• _Your instructions_
Transcribe exactly the lines from the one containing "Animated Police Car" through the end of the data, both included. Leave out pictures.

** Opening Material supplied block **

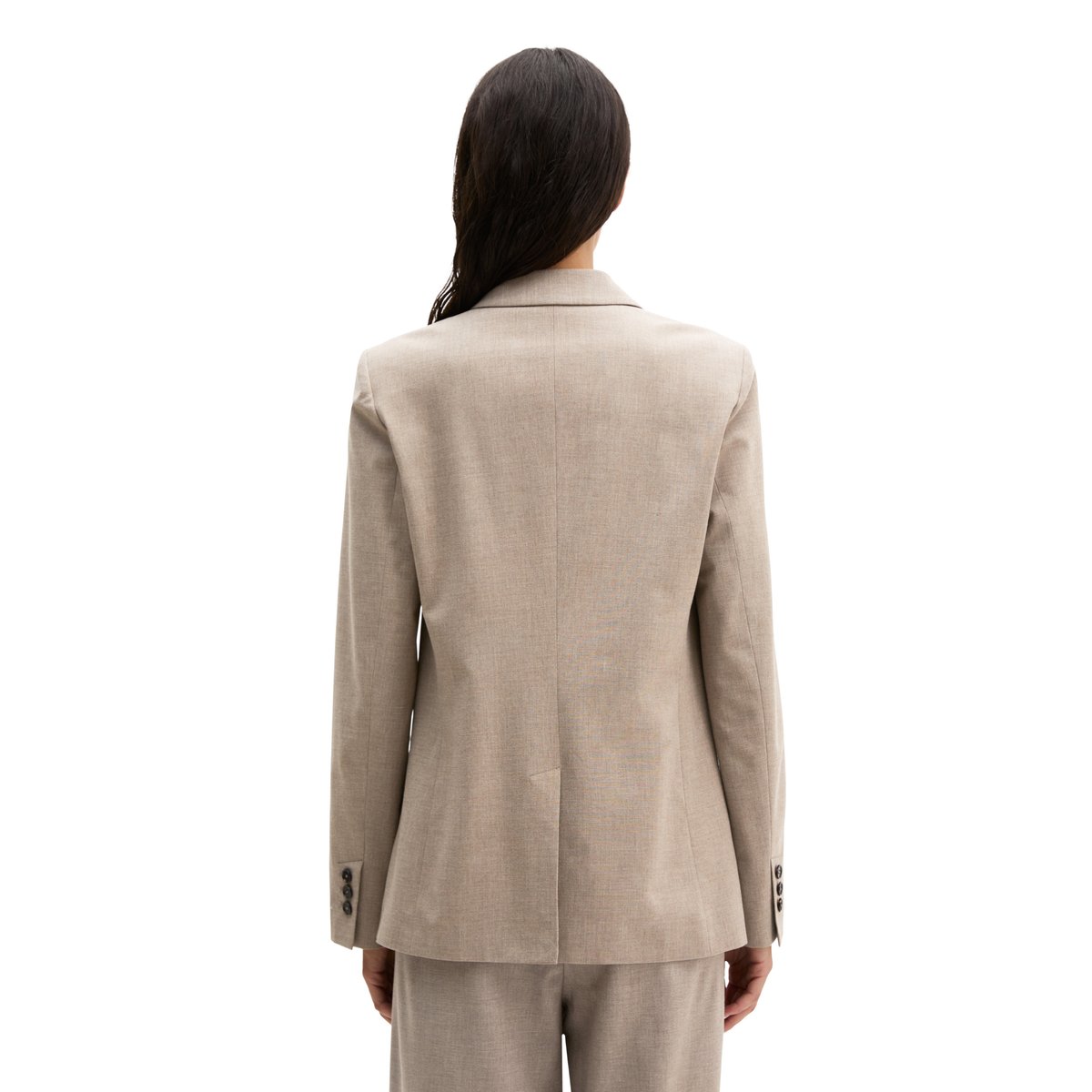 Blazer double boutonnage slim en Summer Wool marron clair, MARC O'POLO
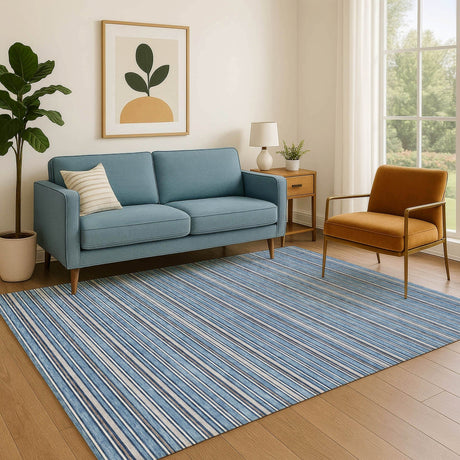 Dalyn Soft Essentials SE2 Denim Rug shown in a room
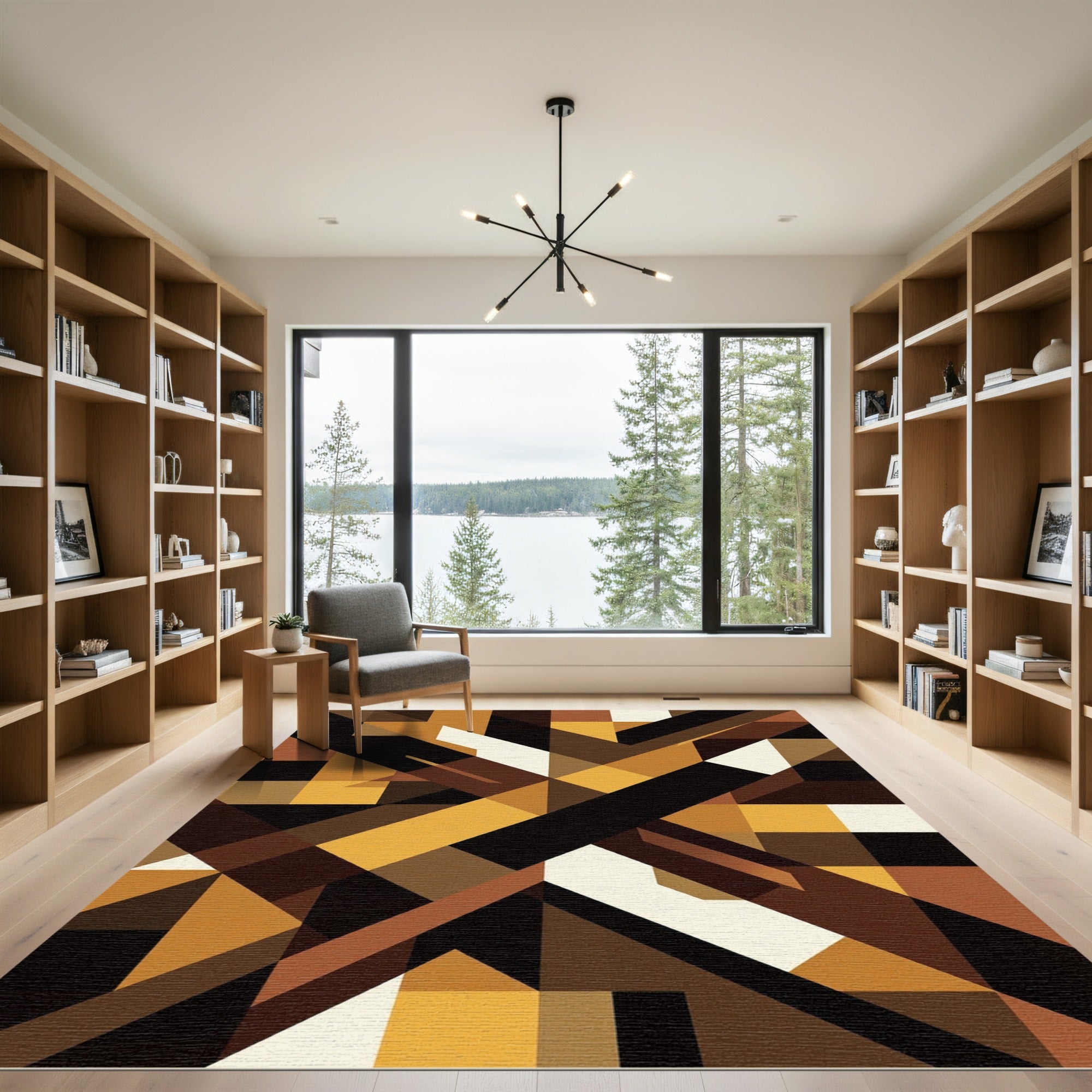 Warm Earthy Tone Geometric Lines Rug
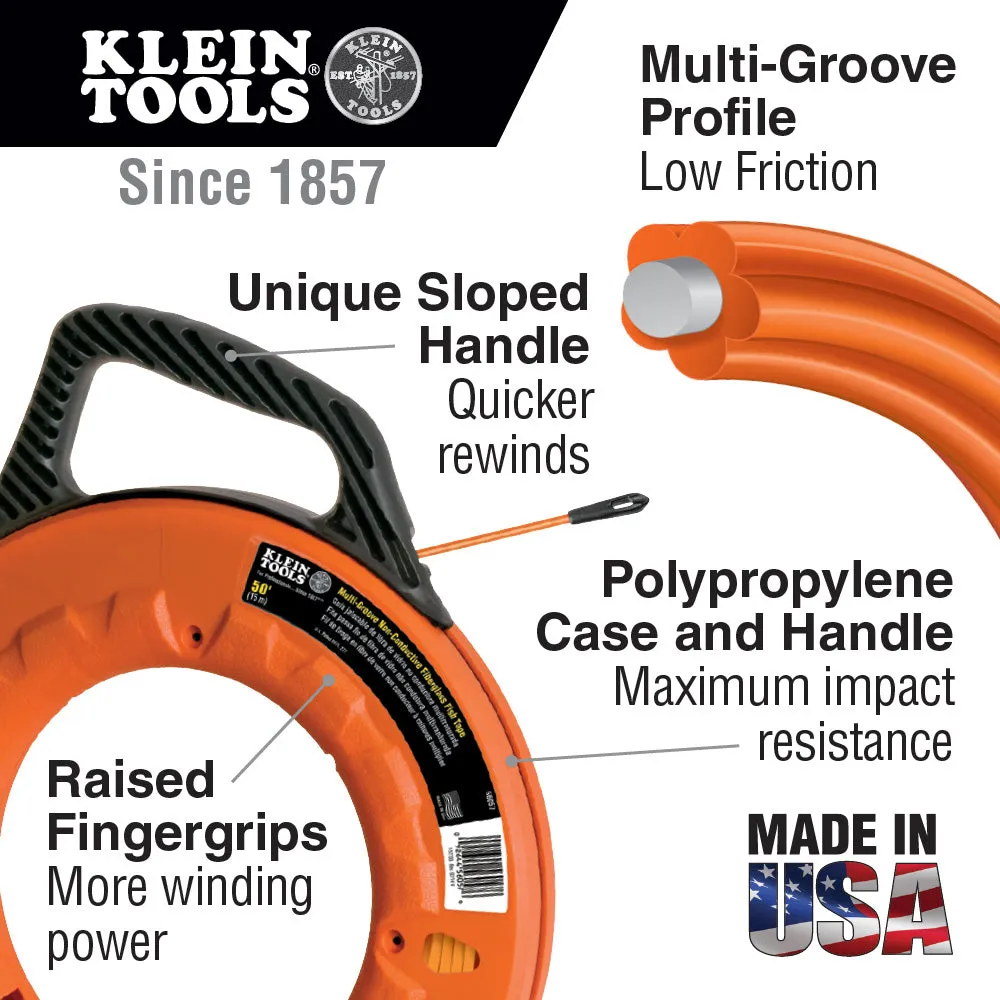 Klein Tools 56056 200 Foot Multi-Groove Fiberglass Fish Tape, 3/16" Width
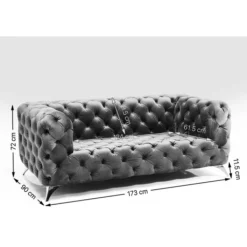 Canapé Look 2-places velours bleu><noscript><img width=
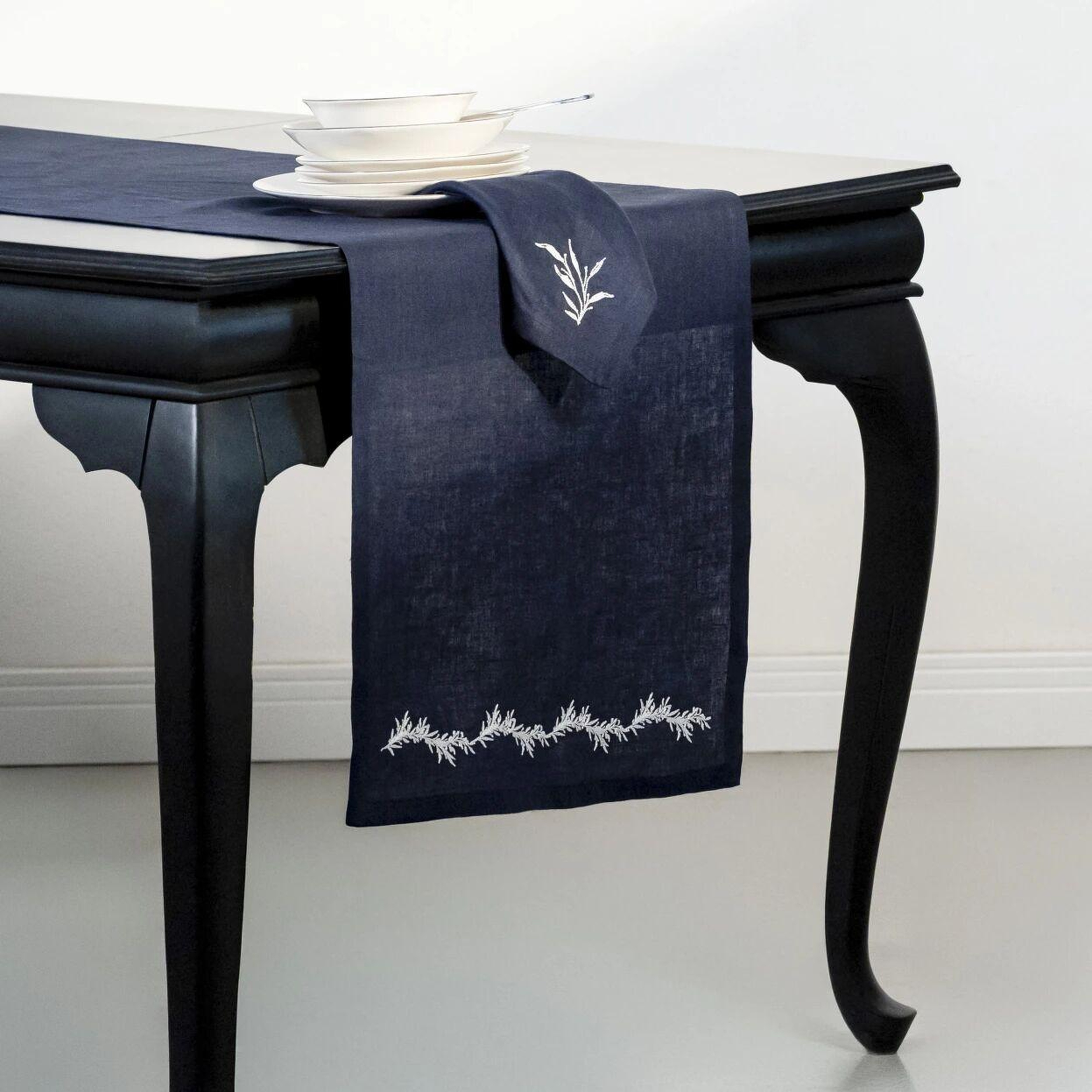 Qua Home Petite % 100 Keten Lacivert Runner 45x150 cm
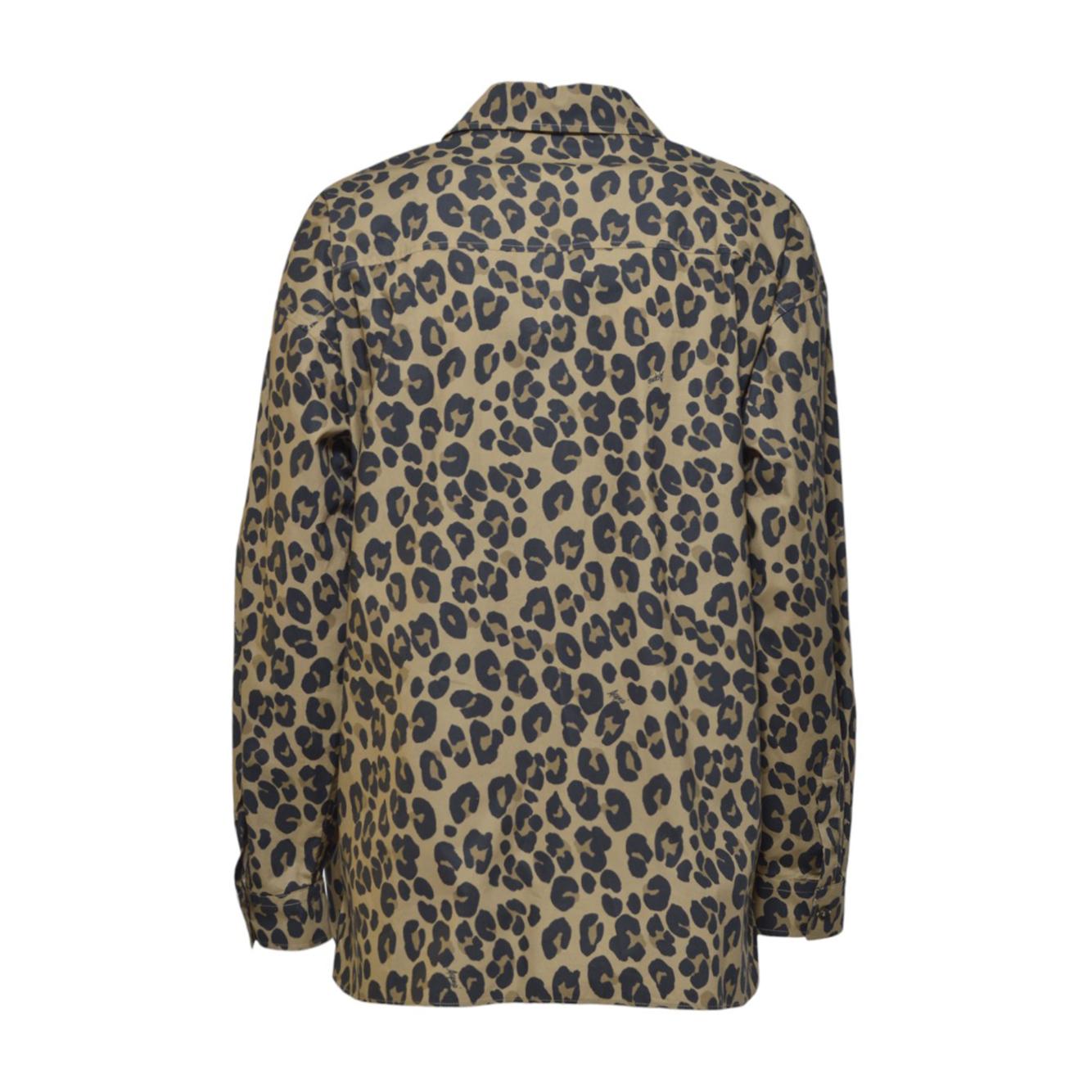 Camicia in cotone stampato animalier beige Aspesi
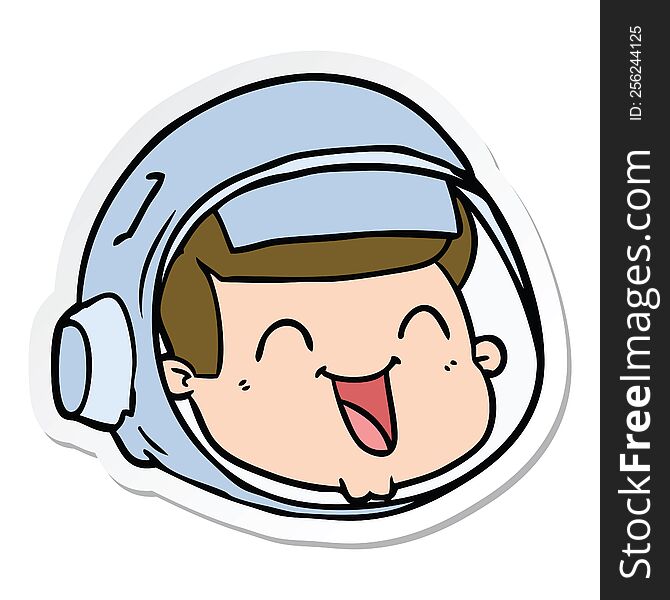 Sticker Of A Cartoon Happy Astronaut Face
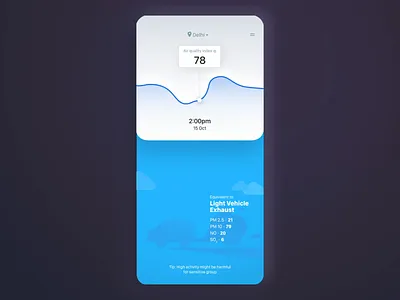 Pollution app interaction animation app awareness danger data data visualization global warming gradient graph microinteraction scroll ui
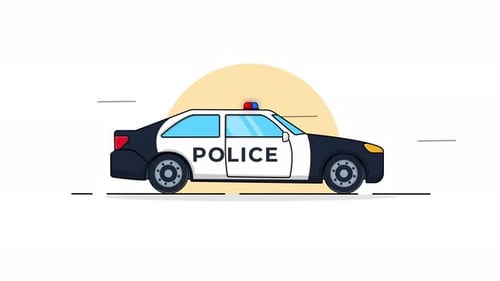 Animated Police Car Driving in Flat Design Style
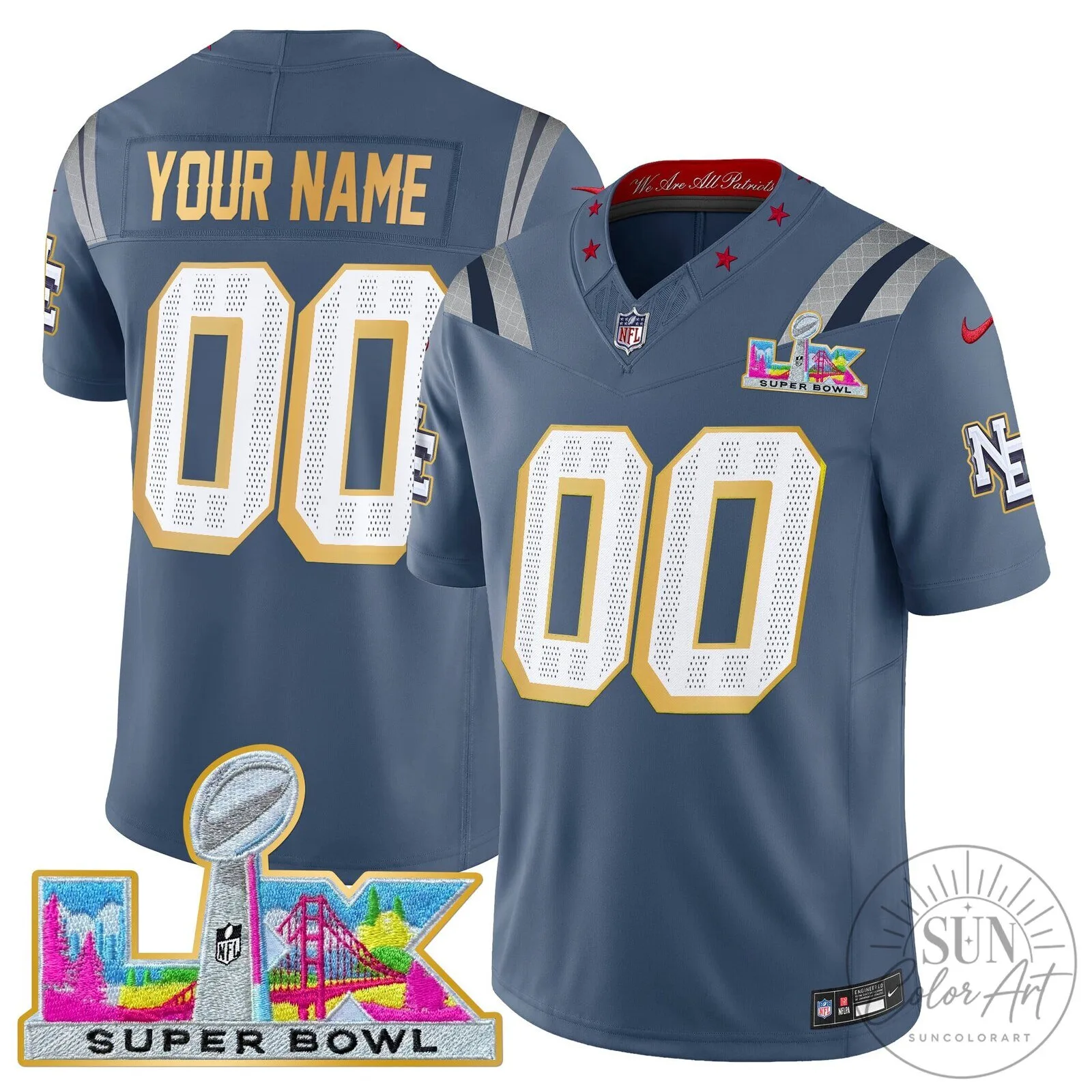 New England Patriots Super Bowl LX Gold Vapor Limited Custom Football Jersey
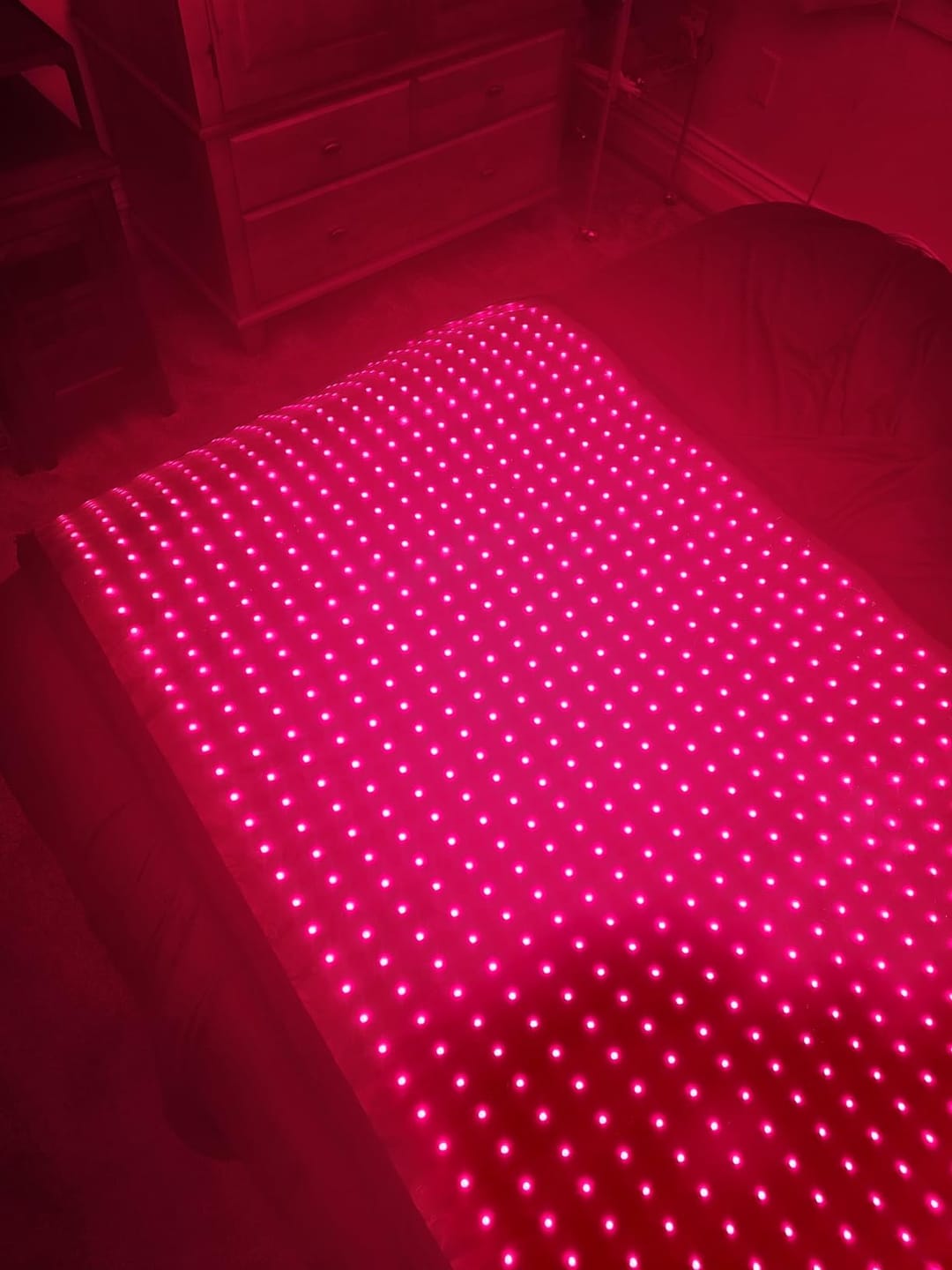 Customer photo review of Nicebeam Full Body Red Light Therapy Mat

** Closing Material supplied block **

• _Finished task_
 Animated Police Car Driving in Flat Design Style
 New England Patriots Super Bowl LX Gold Vapor Limited Custom Football Jersey
 Customer photo review of Nicebeam Full Body Red Light Therapy Mat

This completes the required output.